# KDAB’s Software Development Best Practices:
by Milian Wolff | Senior Software Engineer, KDAB
# General Development
The software engineering community has learned hard lessons over time about the best way to build software. Following these tried-and-true practices provides a huge number of benefits: more resilient software, faster release schedules, higher quality products, more effective teamwork, and happier developers.
While some methodologies, workflows, and tools are specific to an individual domain, many are applicable regardless of whether you’re developing a web service, embedded device, mobile app, or desktop application. Here are a few of those general best practices that we believe are widely applicable to most development projects.
# 1. Tools and tooling
# 1.1. Automation
Your tools let you rapidly create reproducible and reliable results, so whenever reasonable, automate everything.
Whether using IDE shortcuts for inserting boilerplate code, script recipes for tasks the team commonly needs, or specially configured make files, you should let your tools do the work for you.

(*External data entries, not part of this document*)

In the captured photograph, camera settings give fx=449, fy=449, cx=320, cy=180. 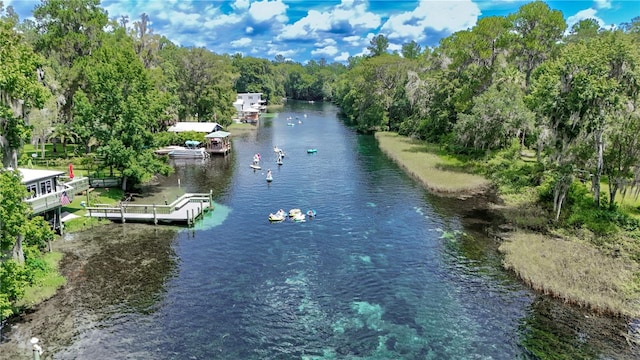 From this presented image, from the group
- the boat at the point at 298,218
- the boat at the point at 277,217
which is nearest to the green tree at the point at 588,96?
the boat at the point at 298,218

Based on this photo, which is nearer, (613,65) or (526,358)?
(526,358)

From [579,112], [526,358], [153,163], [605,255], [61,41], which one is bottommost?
[526,358]

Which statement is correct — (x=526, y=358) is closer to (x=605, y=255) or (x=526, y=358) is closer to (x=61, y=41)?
(x=605, y=255)

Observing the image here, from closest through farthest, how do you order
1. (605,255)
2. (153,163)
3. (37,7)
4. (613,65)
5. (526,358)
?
(526,358) < (605,255) < (613,65) < (153,163) < (37,7)

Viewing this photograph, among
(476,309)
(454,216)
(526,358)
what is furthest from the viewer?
(454,216)

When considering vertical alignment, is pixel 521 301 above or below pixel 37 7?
below

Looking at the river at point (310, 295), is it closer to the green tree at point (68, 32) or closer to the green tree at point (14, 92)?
the green tree at point (14, 92)

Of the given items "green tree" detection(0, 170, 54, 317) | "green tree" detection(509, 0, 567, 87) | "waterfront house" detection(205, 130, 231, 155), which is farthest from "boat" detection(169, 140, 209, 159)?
"green tree" detection(509, 0, 567, 87)

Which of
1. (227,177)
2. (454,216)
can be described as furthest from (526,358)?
(227,177) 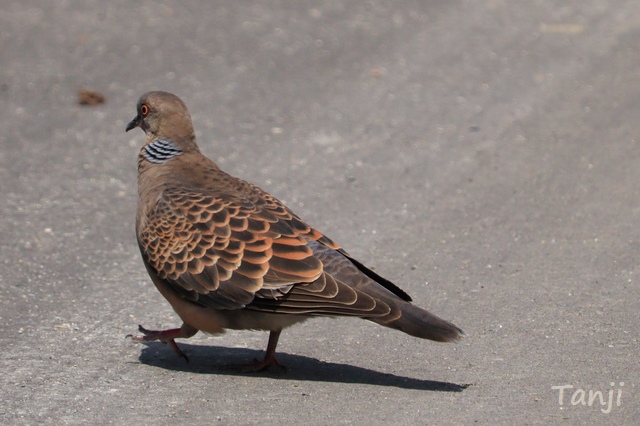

Time spent on project tooling up front will save valuable time over the life of your project. It will also come in extremely handy whenever there are pressure cooker situations –difficult bugs, schedule overruns, or fast-approaching releases – because you can trust that all the appropriate steps to build and test the application are always being handled properly. There are many times throughout the development process when building scripts to automate a repetitive task makes a lot of sense:
- Application control – starting and stopping the application with or without testing, spinning up various services needed, resetting any state information so the app is always in a known state
- Onboarding – downloading all the tools and dependency packages a new developer needs to get their environment up and working
- CI – building, packaging, and testing the application on all supported platforms
- Deployment – pushing out a new release: versioning, labeling, license management, server uploads, etc
# 1.1. Source code control and branch management
The source control model we find works very well in practice for modern software is trunk-based development (opens new window). We use trunk-based development to support CI/CD workflows.
In this method, all developers work on the trunk or main branch; it’s the operational code that everyone is working on, and it’s always release-ready. Once we are close to a stable release, we branch off for that release. This allows the release branch to freeze all dependencies so changes no longer impact the main branch.
This said, there is more than one way to do branch management. Whether this style works for you may depend on your software structure, especially if you have certain atypical characteristics in your workflow like many large binary files or massive numbers of daily commits.
# 2 Development
# 2.1. Containers
We’ve previously written a couple of whitepapers on how containers can significantly improve your development process. We won’t repeat everything here, but we recommend you download our Developer’s Guide to Containers (opens new window) and Containers: Cloud Tech comes to Embedded (opens new window) for more details.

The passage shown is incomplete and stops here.